Now forget this image because these are not the guys who designed iOS 7.


Surfin' USA

One of the things about iOS 7 that strikes us as weird is that it belies the image we have of Jony Ive. His London accent and eloquent manner of speaking impart blue-blooded refinement. The green felt and stitched leather - that stuff came from the crude Americans, Steve and Scott, who are no longer leading software design. We thought Jony would deliver the same sleek elegance to iOS 7 that he's always given us with the iPhone's industrial design.

We didn't think he'd strap on a wetsuit, get a band together, and play us "Surfin' USA".

What's funny about the Beach Boys is that only one of them is a "beach boy". Brian Wilson, their lyricist and the most genius musician in the group, is afraid of the water. The Beach Boys didn't even pick their band name - their label put it on the cover of their first album, when Brian and the other band members thought they were called the Pendletones.

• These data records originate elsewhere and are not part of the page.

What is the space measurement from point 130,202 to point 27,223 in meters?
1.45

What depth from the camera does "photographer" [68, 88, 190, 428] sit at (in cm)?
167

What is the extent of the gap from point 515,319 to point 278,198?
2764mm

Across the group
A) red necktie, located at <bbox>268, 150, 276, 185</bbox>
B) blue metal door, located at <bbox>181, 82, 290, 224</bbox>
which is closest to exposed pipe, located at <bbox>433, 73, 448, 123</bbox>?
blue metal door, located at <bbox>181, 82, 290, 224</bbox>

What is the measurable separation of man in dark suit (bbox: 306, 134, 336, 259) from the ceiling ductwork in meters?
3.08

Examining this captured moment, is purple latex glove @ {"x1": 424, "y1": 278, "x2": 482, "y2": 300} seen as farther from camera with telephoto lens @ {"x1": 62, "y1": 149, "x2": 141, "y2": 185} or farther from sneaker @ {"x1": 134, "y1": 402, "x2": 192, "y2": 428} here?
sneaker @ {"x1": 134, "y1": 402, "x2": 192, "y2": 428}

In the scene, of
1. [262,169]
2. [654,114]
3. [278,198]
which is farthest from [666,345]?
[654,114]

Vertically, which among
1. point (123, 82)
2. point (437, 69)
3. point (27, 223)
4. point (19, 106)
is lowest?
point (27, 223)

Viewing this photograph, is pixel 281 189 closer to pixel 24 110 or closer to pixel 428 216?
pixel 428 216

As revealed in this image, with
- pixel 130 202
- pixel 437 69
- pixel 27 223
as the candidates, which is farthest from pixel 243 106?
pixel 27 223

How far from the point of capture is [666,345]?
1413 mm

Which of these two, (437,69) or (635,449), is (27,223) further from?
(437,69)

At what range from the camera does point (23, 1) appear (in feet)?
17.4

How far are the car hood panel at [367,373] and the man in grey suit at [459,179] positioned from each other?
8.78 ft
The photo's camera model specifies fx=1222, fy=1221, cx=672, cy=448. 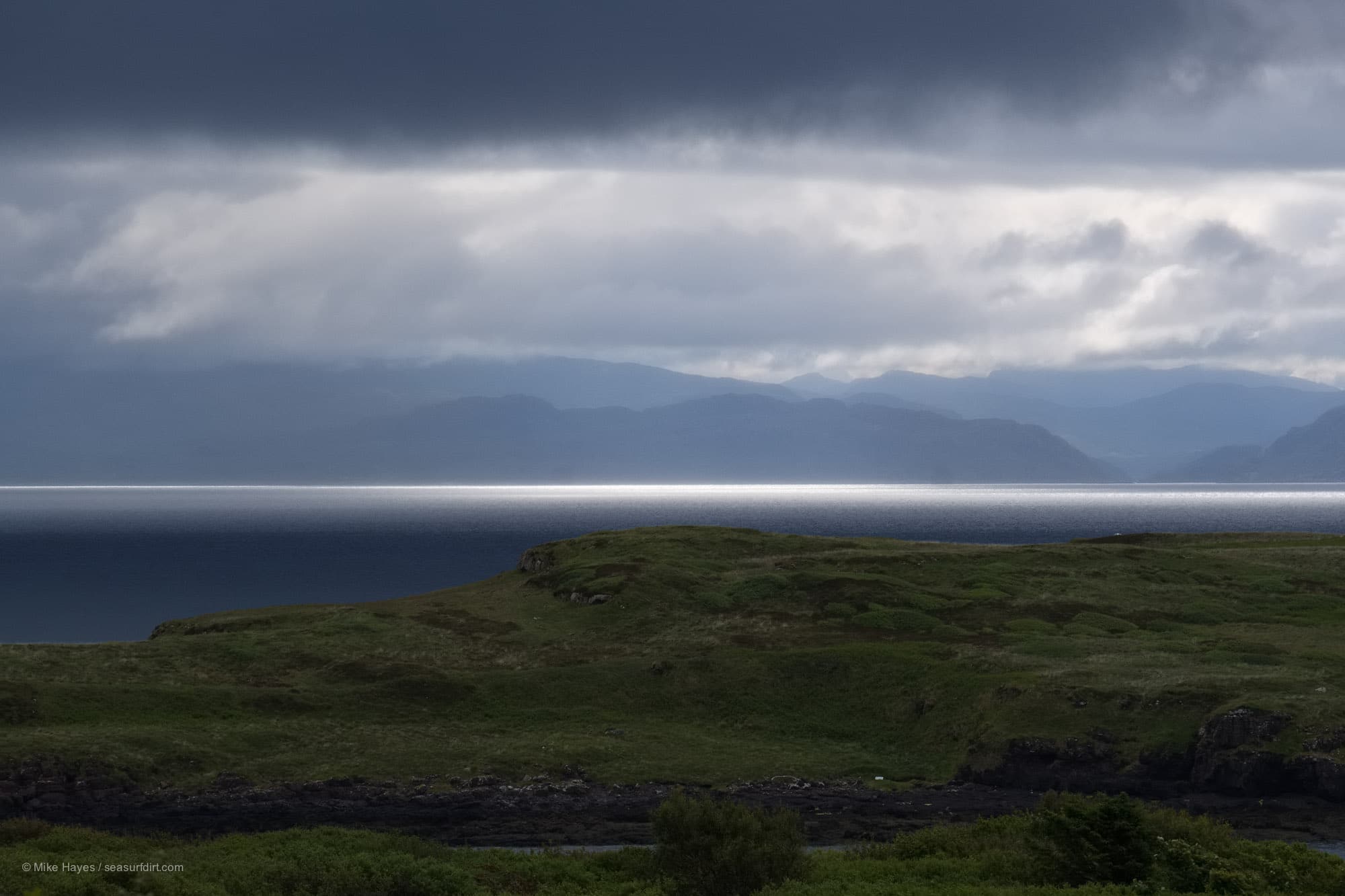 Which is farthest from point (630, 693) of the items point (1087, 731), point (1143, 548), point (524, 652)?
point (1143, 548)

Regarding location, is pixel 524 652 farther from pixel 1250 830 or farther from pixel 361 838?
pixel 1250 830

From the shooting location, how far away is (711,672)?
7194 centimetres

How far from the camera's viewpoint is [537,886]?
1501 inches

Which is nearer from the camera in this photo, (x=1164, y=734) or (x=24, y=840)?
(x=24, y=840)

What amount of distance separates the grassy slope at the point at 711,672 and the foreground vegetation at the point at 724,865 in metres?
17.4

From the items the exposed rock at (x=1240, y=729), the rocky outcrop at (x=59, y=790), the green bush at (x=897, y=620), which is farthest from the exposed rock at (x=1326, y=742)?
the rocky outcrop at (x=59, y=790)

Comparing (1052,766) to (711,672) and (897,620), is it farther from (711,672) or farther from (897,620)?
(897,620)

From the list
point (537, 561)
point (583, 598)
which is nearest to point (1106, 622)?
point (583, 598)

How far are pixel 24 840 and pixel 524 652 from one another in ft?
128

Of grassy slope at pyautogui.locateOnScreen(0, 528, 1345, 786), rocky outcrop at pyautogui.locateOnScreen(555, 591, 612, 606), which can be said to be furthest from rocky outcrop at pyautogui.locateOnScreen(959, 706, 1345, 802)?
rocky outcrop at pyautogui.locateOnScreen(555, 591, 612, 606)

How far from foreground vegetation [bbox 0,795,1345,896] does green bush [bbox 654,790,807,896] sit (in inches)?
1.6

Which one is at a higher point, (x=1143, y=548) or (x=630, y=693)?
(x=1143, y=548)

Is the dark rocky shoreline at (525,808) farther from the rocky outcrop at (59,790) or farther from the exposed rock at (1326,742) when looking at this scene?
the exposed rock at (1326,742)

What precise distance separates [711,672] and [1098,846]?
38.6m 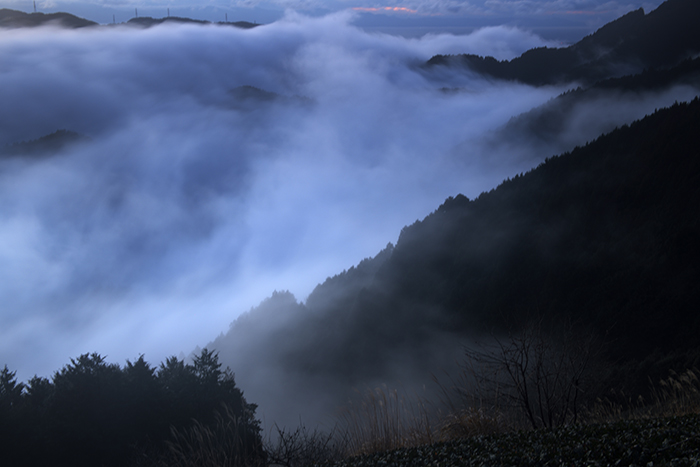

What's also funny about the Beach Boys is that the light-hearted subject matter of their music belies the fact that their orchestration is as complex and sophisticated as any other rock band. Brian Wilson's Smile is as intricate and strange as any album I know.

If you've always thought of the Beach Boys as a group of fun-loving, come-what-may musicians, listen carefully to the thoughtful, resonant, complex harmonies in this live performance of "In My Room":


When it might make sense

Brian Wilson was as much a surfer as Jony Ive is, or at least as far as I know. Both placed bets on a theme they adopted, presumably because they saw what a bright future it had.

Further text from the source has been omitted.